Saturday was one of those rare days when something actually went right. I got turf – real, solid, honest-to-goodness turf. I stacked it carefully in the garage, the way you do when you’re trying to keep things dry, neat and under your own control for once. A small act of self-respect, really. Turf in the garage. Turf where I put it.
Fast forward to this evening. I came home from work and walked outside and… the turf is gone. Well, not gone exactly – just exiled. Dumped out into the yard like an unwelcome guest after a bad wedding speech. No note. No knock. No warning. Just turf, sprawled across the concrete, soaking up the fine Irish mist.
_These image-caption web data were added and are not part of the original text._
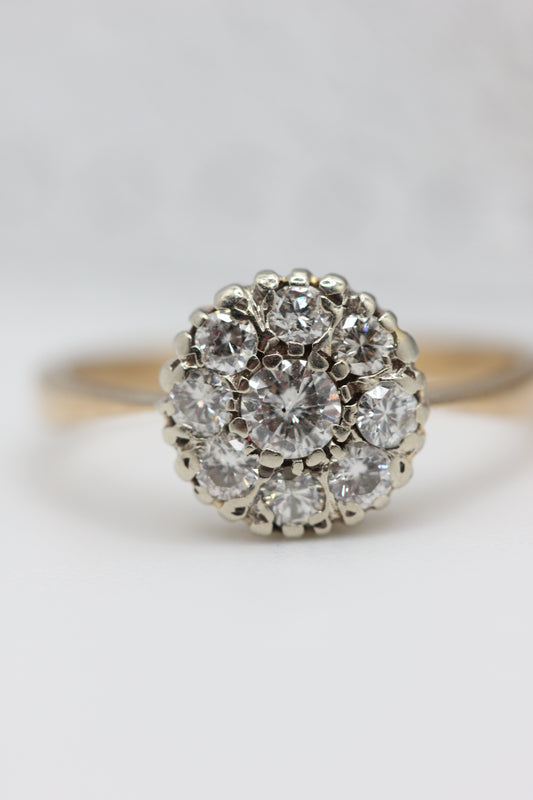 Diamond cluster ring
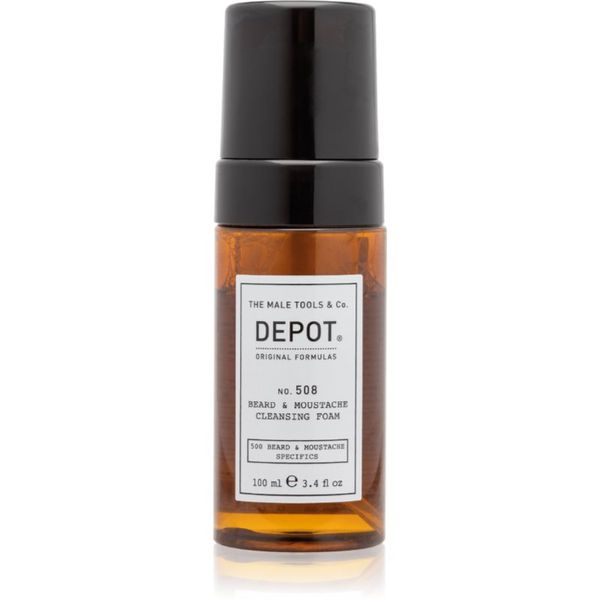 Depot Depot No. 508 Cleansing Beard & Moustache Foam почистваща пяна за брадата 100 мл.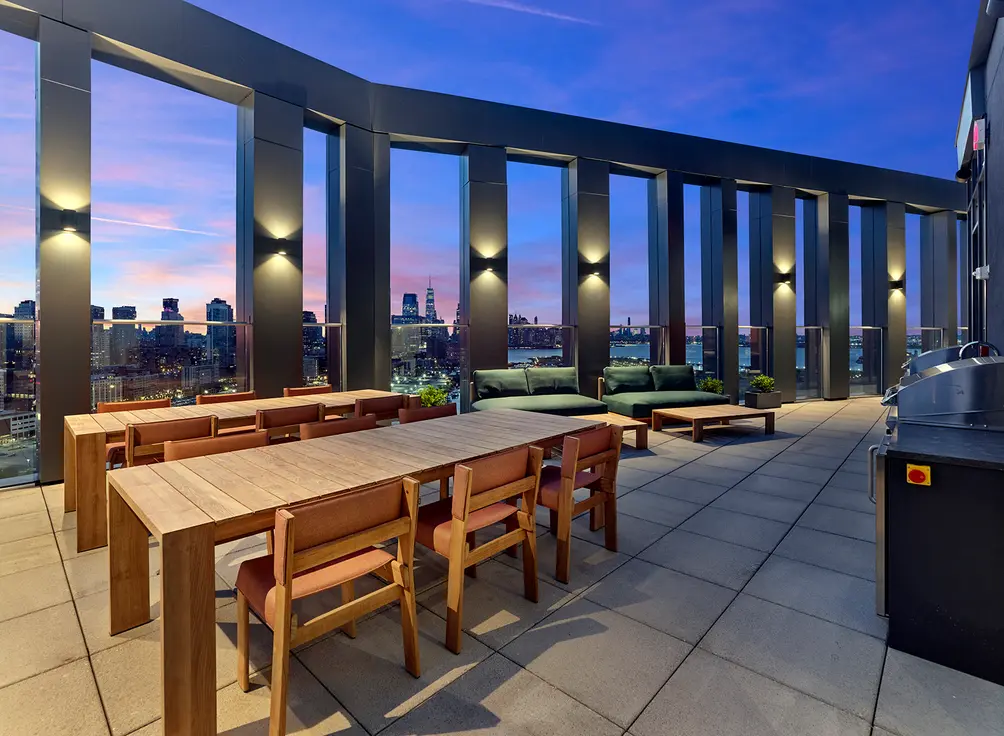 Rooftop dining area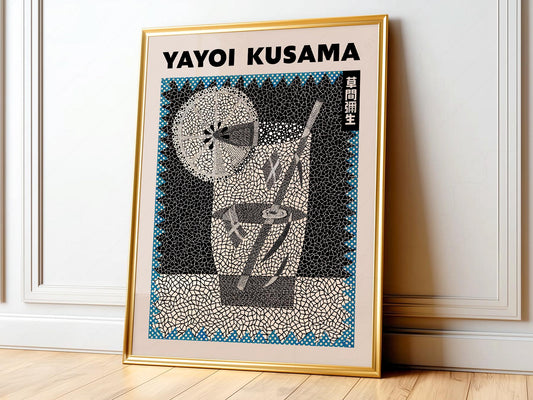 Yayoi Kusama Cocktail Art Print – Contemporary Bar – fine art print wall decor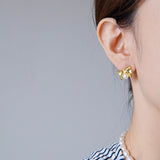 Bow Pearl Earrings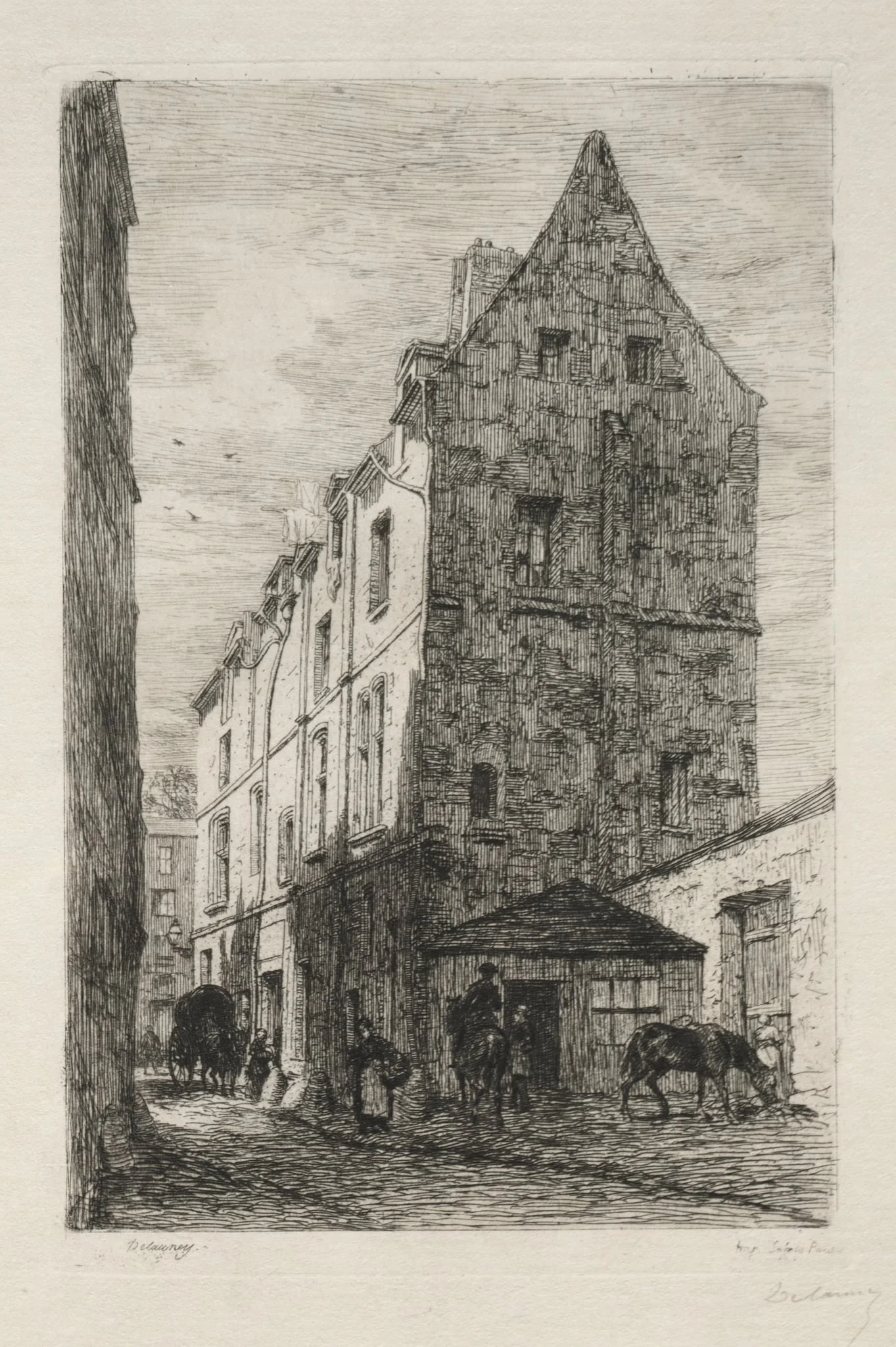 Maison dite de la Reine Blanche, Rue de Marmousets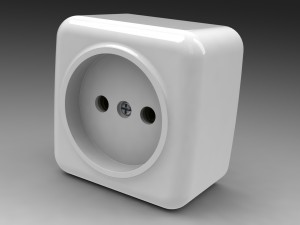 bundle power sockets and light switch 3D 모델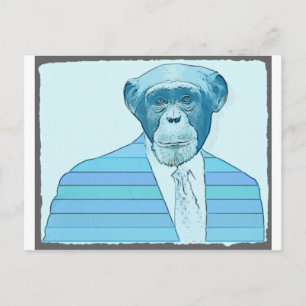 Monkey Suit Postcard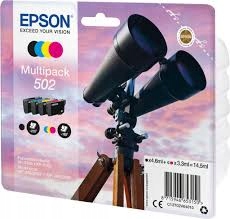 Tusz Epson 502 Zestaw Cmyk XP-5100 XP-5115 WF-2860DWF 4szt Org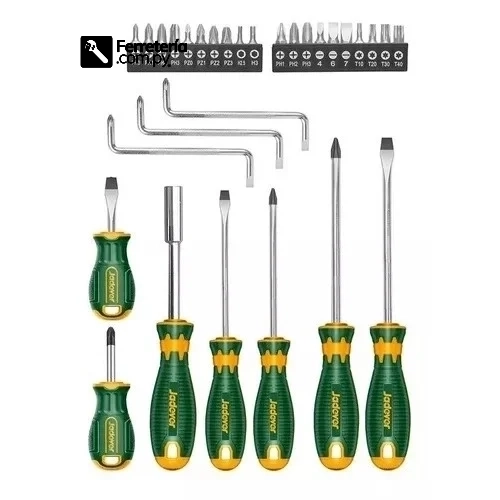 Juego de destornilladores y puntas 30PZS - JADEVER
And in the garage? Enter stage left: a baler. Not a new one, mind. An old, rusted thing that looks like it hasn’t seen action since the Celtic Tiger had milk teeth. An ancient, dusty relic of who-knows-what, parked squarely in the middle of the space where my turf had been.
It didn’t walk in there by itself. No, this has all the hallmarks of a classic Bully Yates maneuver. Silent, sneaky and soaked in entitlement. He didn’t ask. Didn’t mention it. Didn’t even throw in a fake apology or mutter something about ‘needing the space’. He just decided. As if my efforts – and my belongings don’t count.
But let’s be honest. This isn’t just about turf. It never is. This is the same old script: I get something of my own and he swoops in to undermine it. A baler in the garage might not sound like high drama, but when you live with a chronic boundary-breaker, even a turf stack becomes a front-line.
Garage Inventory, Updated:
My Turf: Now in exile, slowly soaking and morally outraged.
Bully’s Baler: Installed without consent, proudly taking up space and doing nothing – just like its owner.
Respect: Missing since approx. 2002. Presumed dead.
Busy Man, Big Plans:
Fair play to him, though! Bully must have had a wildly productive morning! Imagine the mental gymnastics required to wake up and think, ‘Right, today’s the day I remove someone else’s turf and replace it with farm machinery no one asked for’. he probably lay all night planning it, heart racing with anticipation, like a child on Christmas Eve… If Santa was passive-aggressive and smelled like diesel.
Lesson of the Day: Never underestimate the lengths a grown man will go to in order to prove he’s still the boss of your garage, your turf and, if possible, your sanity. Keep receipts, take pictures and always, always, lock the door behind your dignity.